“Vegas is a six-hour ride from here.”
Boom. Boom. Boom.
My head swims as butterflies take flight in my stomach. “Gabe…?” Tears well and fall to my cheeks. “What are you saying?” I demand. I need to hear the words.
“Marry me, baby. I need you to be my wife more than I need air.”
“Oh my god,” I cry, grabbing his face and covering him in wet, sloppy kisses.
“Is that a yes?”
“It’s a hell yes—it’s everything,” I sob, my emotions jumping from overwhelming happiness to an indescribable need to have him inside me again, loving me, claiming me. He doesn’t make me wait. His lips devour, whispering words of love as his cock fucks me like he owns me.
Twenty-Seven
Gabe
A couple weeks later…
Pain contorts her beautiful face, the needle buzzing over her skin with ease, the pretty sparrow tattoo coming to life on her flesh. When we got back from Vegas, there was a new light in her eyes—a confidence and contentment that wasn’t there before. It made me happy to give that to her.
“I want a sparrow tattoo,” she’d said one night while stroking over the tattoo on my chest. She’d found a baby sparrow in the grass outside our house. It had fallen from the nest, no doubt preyed on and dropped from a predator’s mouth. She insisted we take it to the vet. We came home with a plan to heal its broken wing that she took real seriously.

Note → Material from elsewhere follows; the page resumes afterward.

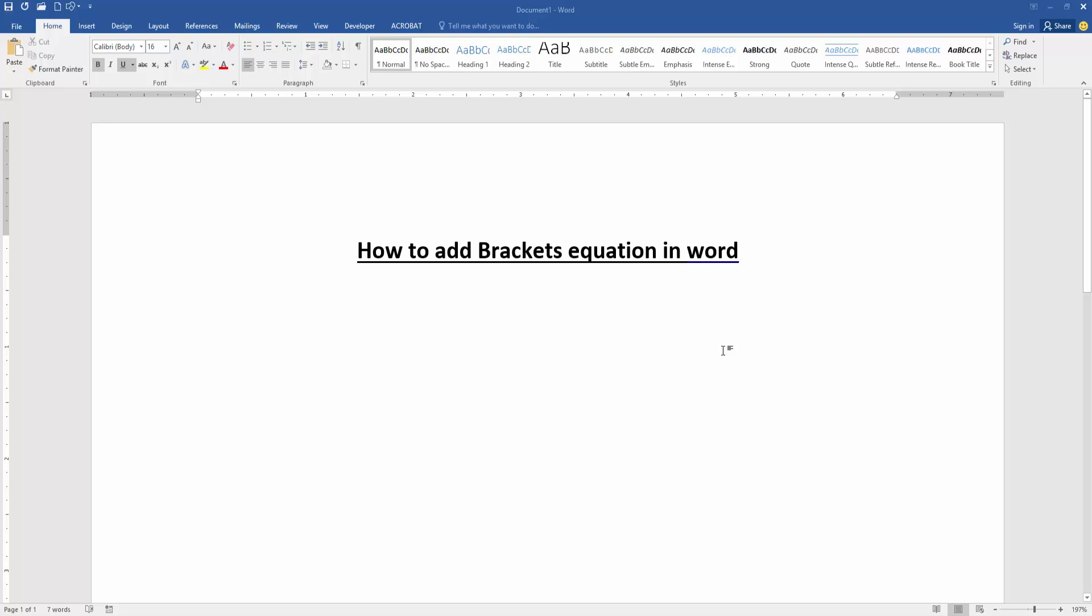Hello friends, how are you? Welcome back to my new video. In this video I am going to show you how to add brackets equation in Microsoft Word. Let's get started. Firstly, we have to open a Word document.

I stroke down her other arm to soothe her. She saw herself in that fucking Sparrow: a broken bird learning to fly for the first time. It’s kinda beautiful.
“And…we’re done! You ready to take a look?” the artist asks, wiping over her skin.

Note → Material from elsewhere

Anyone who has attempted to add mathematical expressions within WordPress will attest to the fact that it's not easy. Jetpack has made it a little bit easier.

“I love it,” she gasps, her mouth popping open in wonder.
“I love you,” I tell her, kissing her temple.
Pulling up the driveway to our house, my jaws twitches. There are fucking bikes and cars parked everywhere. “What’s going on?” Willa speaks my thoughts, looking between me and the motors scattered around.
“Jameson,” I growl.
Walking inside, a roar of cheers rings out, rattling the foundation. A hand thrust out toward us to be shaken as congratulations whirl around.
“You seriously thought there wouldn’t be a party?” Jameson quirks a brow and shoves a beer at me, grabbing Willa and squeezing her in a bone-crushing hug.
“We got married weeks ago,” she murmurs.
“Yeah, well, I stayed in Reno longer than planned so…” He shrugs.
“You filled my fucking house with dirty, furniture-breaking, booze-guzzling, whore-fucking bikers,” I growl out. Every inch of my fucking house stuffed with leather and booze.
“What the fuck are you talking about? You’re a dirty, furniture-breaking, booze-guzzling, whore…”
I raise a fist to him in warning, darting my eyes to my wife, her narrowed glare pinned on Jameson. “A what?” she asks.
“A wife-loving good man.” He grins, a full-megawatt, goofy grin.
I’m going to kill him when this is over.
Twenty-Eight
Willa
Two months later…
Standing at the stove, I turn the bacon in the pan, willing it to hurry up and crisp as I wipe at the saliva building in the corner of my mouth. “Will, you know I’ll cook for you.” Gabe’s arms curl around my stomach, his lips sucking the soft tissue behind my ear.
Leaning back into his embrace, I sigh, “I didn’t want to wake you. It’s just bacon.”
“You never eat bacon, and if you’re awake, I’m awake.” He turns me in his arms, nuzzling along my jawline. “I miss you when you’re not cuddled into me.”
“I’m sorry. We’re hungry.”
Pulling his face back, his brows pull together. “I’m not hungry for food.” His lip curls into a sexy smirk.
“Not you—us.” I point to my stomach, biting my lip. My heart is racing. I’ve thought of a million ways to tell him, but always lost the nerve.
“Willa, what are you saying?” He looks between my face and my stomach, a red heat spreading up his cheeks.
“I’m pregnant,” I blurt out, and almost jump four feet in the air when the smoke alarms begin screeching. Crap. I turn and grab the pan, removing it from the heat, and snatch up a tea-towel, waving it at the small white box on the ceiling. The noise cuts out as suddenly as it started, and I will my racing heart to steady. Gabe hasn’t moved.
“Gabe?” I question, a protective hand coming around my stomach. We haven’t had the kids talk, and now, here we are, newlyweds, and in six months, parents.
“You’re sure?” His voice hitches.
“I’m sure.”
He covers his face with both hands, then pushes them through his hair. “I’m going to be a daddy?”
“You are.” A tear leaks from my eye. Within my next breath, he’s across the kitchen, lifting me into his arms and spinning me. “I’m going to be a daddy!”
Wrapping my legs around his waist and arms around his neck, I look down at my husband. “The best daddy there is.”